-------- Source records

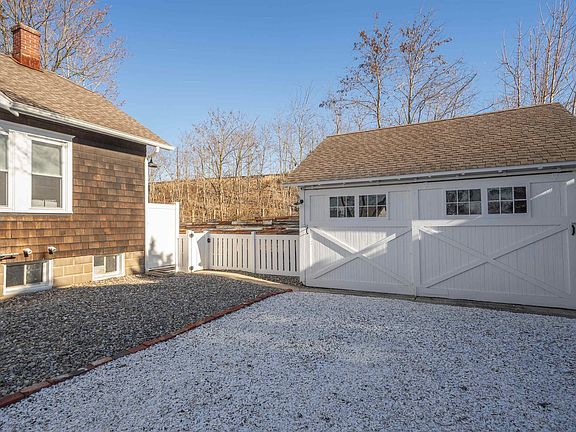 4th image of 222 Brighton Rd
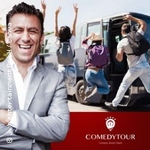 ComedyTour Köln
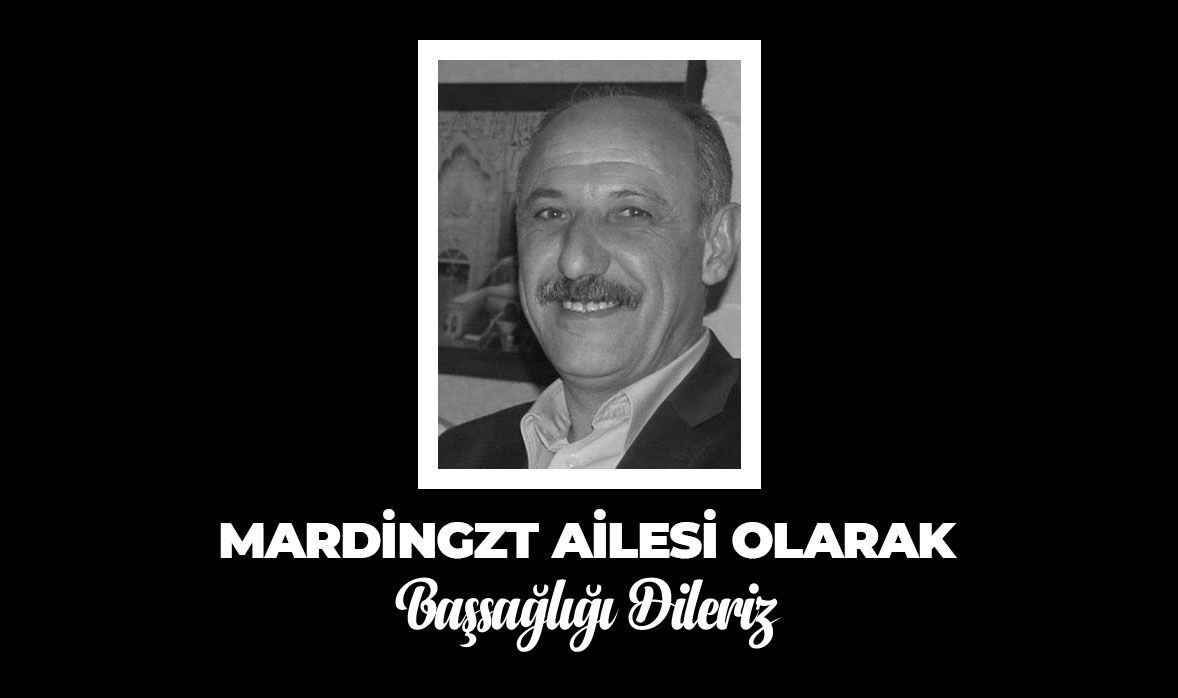 Akikol Ailesinin Acı Kaybı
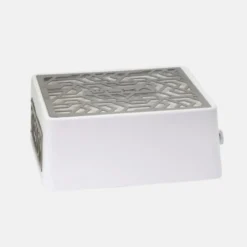 Aspirador Para Manicura Y Pedicura ULKA Premium 18 Aspirador Para Manicura Y Pedicura ULKA Premium -Seena Owell Ventas 7711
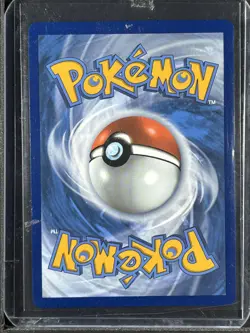 Radiant Alakazam #059/195 Prize Pack Series Cards Near Mint 250001 - Image 2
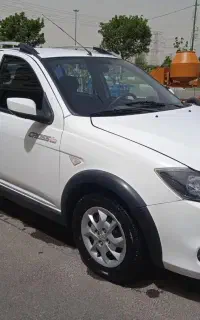 کوییک ‌۴۰۱سالم خوش رخ درحدصفر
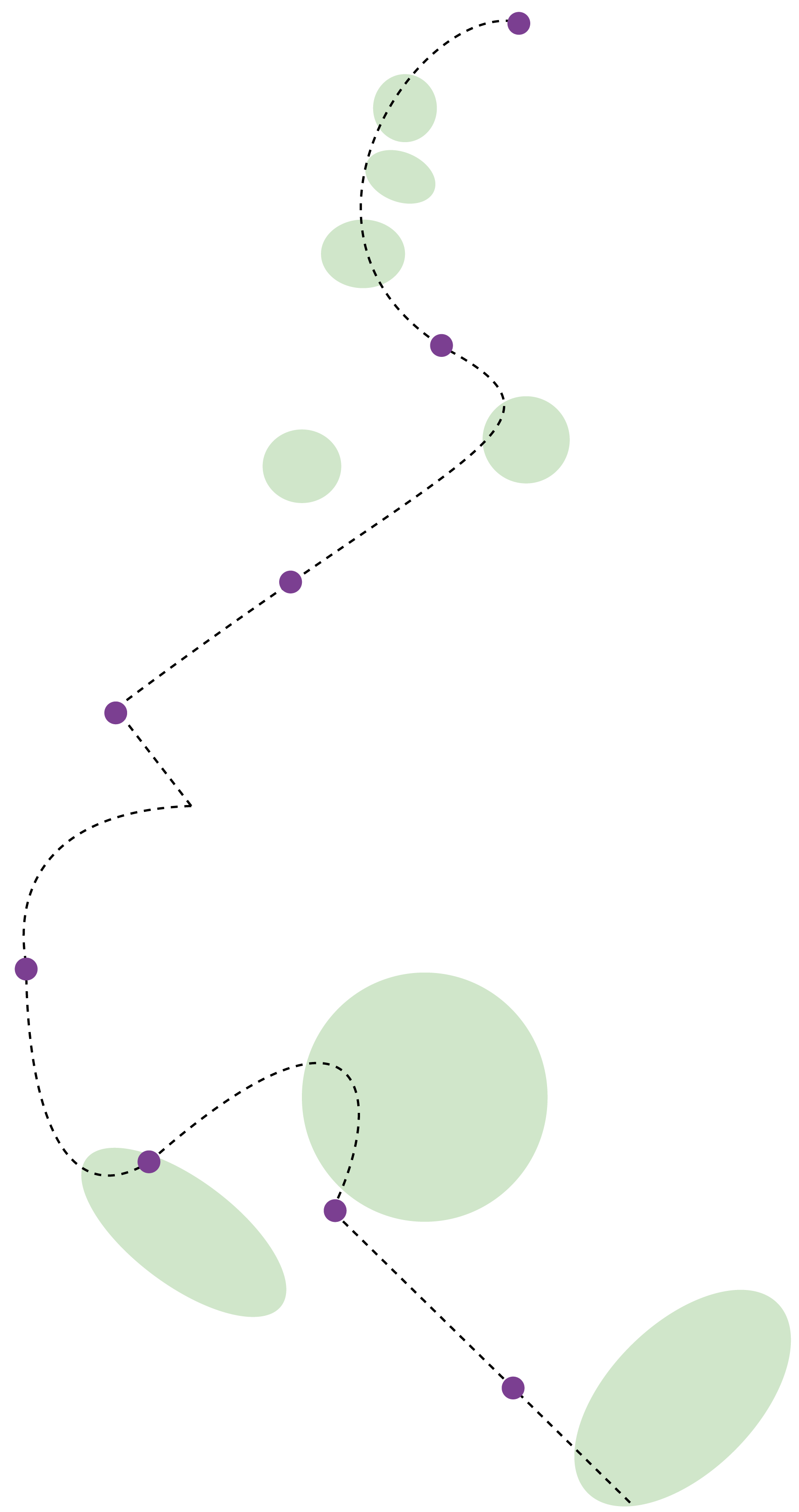 Loire-21_Route-2-GIF.gif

----------------

Work request – The expected answer is an exact copy of the lines from the one containing "ComedyTour Köln" through the last line of the entries above, both included, without pictures.

Final answer –
 ComedyTour Köln
 Akikol Ailesinin Acı Kaybı
 Aspirador Para Manicura Y Pedicura ULKA Premium 18 Aspirador Para Manicura Y Pedicura ULKA Premium -Seena Owell Ventas 7711
 Radiant Alakazam #059/195 Prize Pack Series Cards Near Mint 250001 - Image 2
 کوییک ‌۴۰۱سالم خوش رخ درحدصفر
 Loire-21_Route-2-GIF.gif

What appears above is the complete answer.